TASK STATEMENT = What is needed is a word-for-word transcript of the listing, free of pictures.

SUPPLIED DATA =
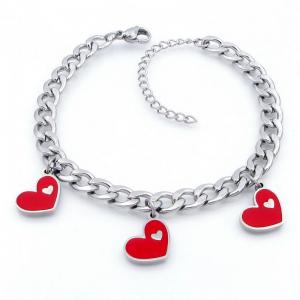 Stainless Steel Bracelet(women) - KB208622-TJG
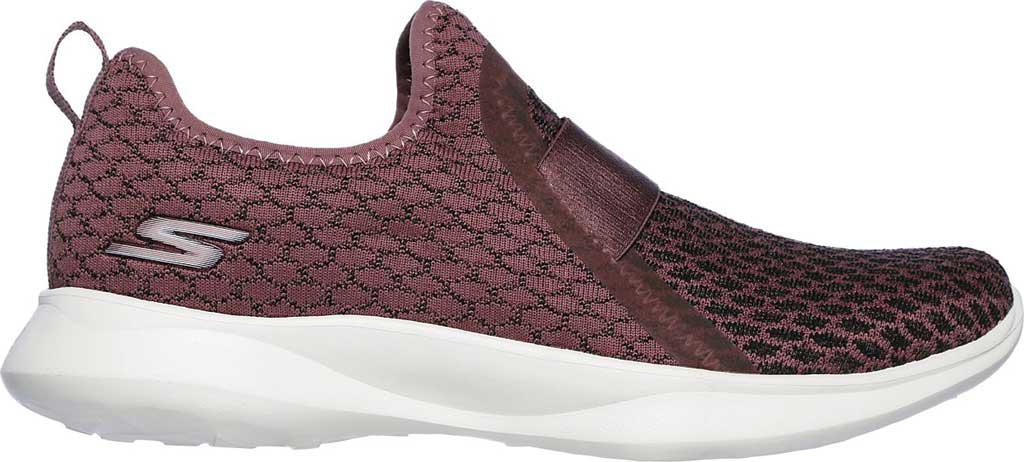 skechers mauve you serene slip trainers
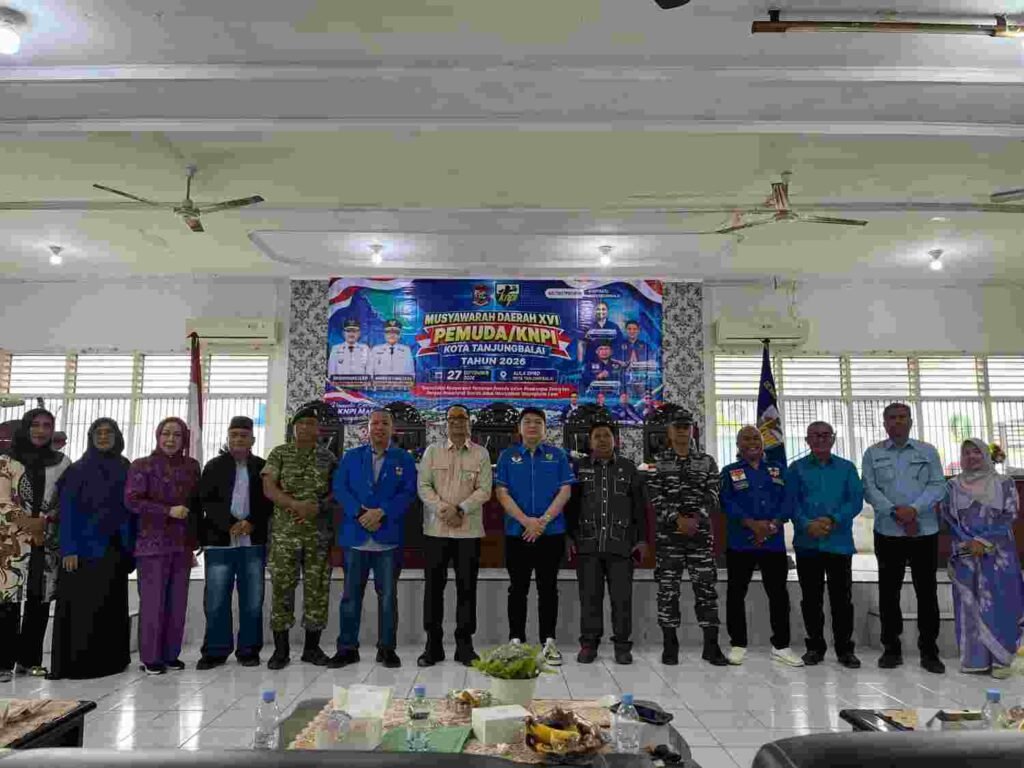 Wakil Wali Kota Tanjungbalai Hadiri Musda XVI KNPI, Fadly Abdina Konsolidasi Pemuda untuk Bangun Sinergi Sehat dan Produktif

RESPONSE TO THE EXERCISE =
 Stainless Steel Bracelet(women) - KB208622-TJG
 skechers mauve you serene slip trainers
 Wakil Wali Kota Tanjungbalai Hadiri Musda XVI KNPI, Fadly Abdina Konsolidasi Pemuda untuk Bangun Sinergi Sehat dan Produktif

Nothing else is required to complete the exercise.